I first tried the traditional "velocity prescribed at inlet" and "P=0 at oulet", but it is very difficult to have a good mass balance (The output velocity that I observe is not equal to the inlet velocity prescribed).

I then tried the BC showed on the image. The convergence is much easier, but I am not sure if it's "legal".

- Inlet: Vr
- Outet: -Vr (it should be that way in order to respect mass balance)
- top surface: this surface is at "open air" (but I don't consider free surface). I put P=0, and Vz=0 to prevent the fluid to exit the domain

Do you think that this set of BC is valid?

Thanks,
Pierre

[FMDenaro]

What do you mean for Vr, is a constant value prescribed on all the nodes constituting the inlet and outlet faces? Apart from the fact that a uniform velocity profile is physically questionable (particularly as outflow), it does respect the mass flow and it must work. Thus, I think you have some bug in the code (or I do not understand well your setup...)

[pilafa]

Hi FMDenaro,

Quote:

What do you mean for Vr, is a constant value prescribed on all the nodes constituting the inlet and outlet faces?

Yes.

Quote:

Apart from the fact that a uniform velocity profile is physically questionable (particularly as outflow), it does respect the mass flow and it must work

You are right. I guess a parabolic function should be better.

Quote:

Thus, I think you have some bug in the code (or I do not understand well your setup...)

Actually, the convergence is quite good with the BC I proposed. I never say it didn't work
It's just that I never used this configuration before and wasn't sure if that make sense or not.

Thanks!
Pierre

[FMDenaro]

Quote:

Originally Posted by pilafa

Hi FMDenaro,



Yes.



You are right. I guess a parabolic function should be better.

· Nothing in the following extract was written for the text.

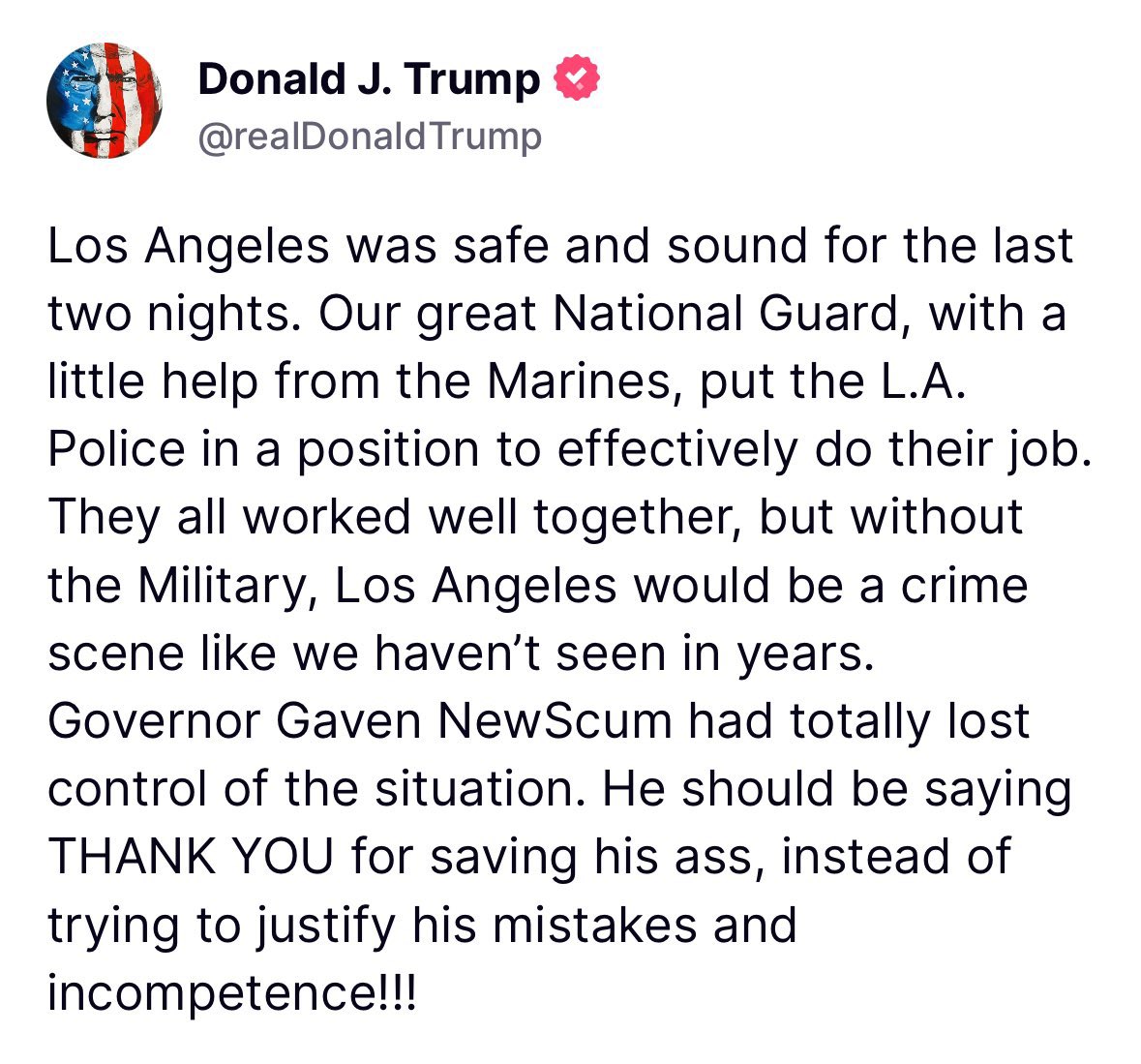 President Trump says Gavin Newsom should thank him for “saving his ass.”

Actually, the convergence is quite good with the BC I proposed. I never say it didn't work
It's just that I never used this configuration before and wasn't sure if that make sense or not.

Thanks!
Pierre

from a mathematical point of view the problem is well posed, however the numerical solution you get is physically acceptable only if you assume inviscid flow conditions

[pilafa]

..mmm...interesting.

If I follow you correctly, you say that prescribing the inlet AND outlet velocity would be physically valid only for inviscid flow (no viscosity). Correct?

I don't understand why

Could help me with that?

[FMDenaro]

Quote:

Originally Posted by pilafa

..mmm...interesting.

If I follow you correctly, you say that prescribing the inlet AND outlet velocity would be physically valid only for inviscid flow (no viscosity). Correct?

I don't understand why

Could help me with that?

well, the fact that an outflow velocity profile is exactly the same of the inflow can happen also for some particular viscous flows but for very restricted conditions. For example the Poiseuille solution, mathematically valid for any Reynolds number but physically not stable just at low Re number.
On the other hand, an inviscid flow hypothesis cancels the shear wall effects and makes more acceptable such profile due to the energy reversibility (no energy dissipation, no entropy production)

[pilafa]

ok, I see. Thanks for this explanation. I agree with you.